I piatti di Ambrosino oggi rappresentano forse l’estrema avanguardia della cultura campana: la pasta di Gragnano con mandorle, pomodoro secco e lattuga di mare; i tagliolini con porro fondente, polvere di cappero e limone candito; le eliche al pistacchio, noccioli di oliva e salicornia sono tutti fortemente caratterizzati da elementi isolani ma spingono sulle acidità e sugli elementi spigolosi dell’ingrediente in modo inconsueto, al limite dello stupore.
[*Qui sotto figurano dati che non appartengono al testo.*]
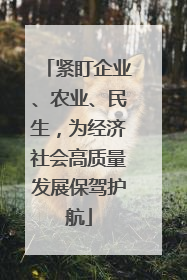 紧盯企业、农业、民生，为经济社会高质量发展保驾护航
La Chiaiozza è un racconto nel racconto, forse l’estrema sintesi dell’arte di Ambrosino: ispirato all’omonima baia, luogo d’infanzia dello chef, è un crudo di canocchie, gelato di ricci di mare, cavolo cappuccio, olio al pino marittimo sopra una sabbia di nero di seppia e carapaci di crostacei che suscita immagini di onde lievi e mare in bonaccia, luci abbaglianti del mattino e porti pescosi. 28 Posti vuole essere proprio questo: un porto, con tutte le sue caratteristiche. Crocevia di genti e atmosfere, caos e rifugio, punto di partenza e di arrivo. Sempre con le tinte azzurro intenso, il profumo dei limoni, e i contrasti del Mediterraneo, nel porto immaginario più internazionale d’Italia.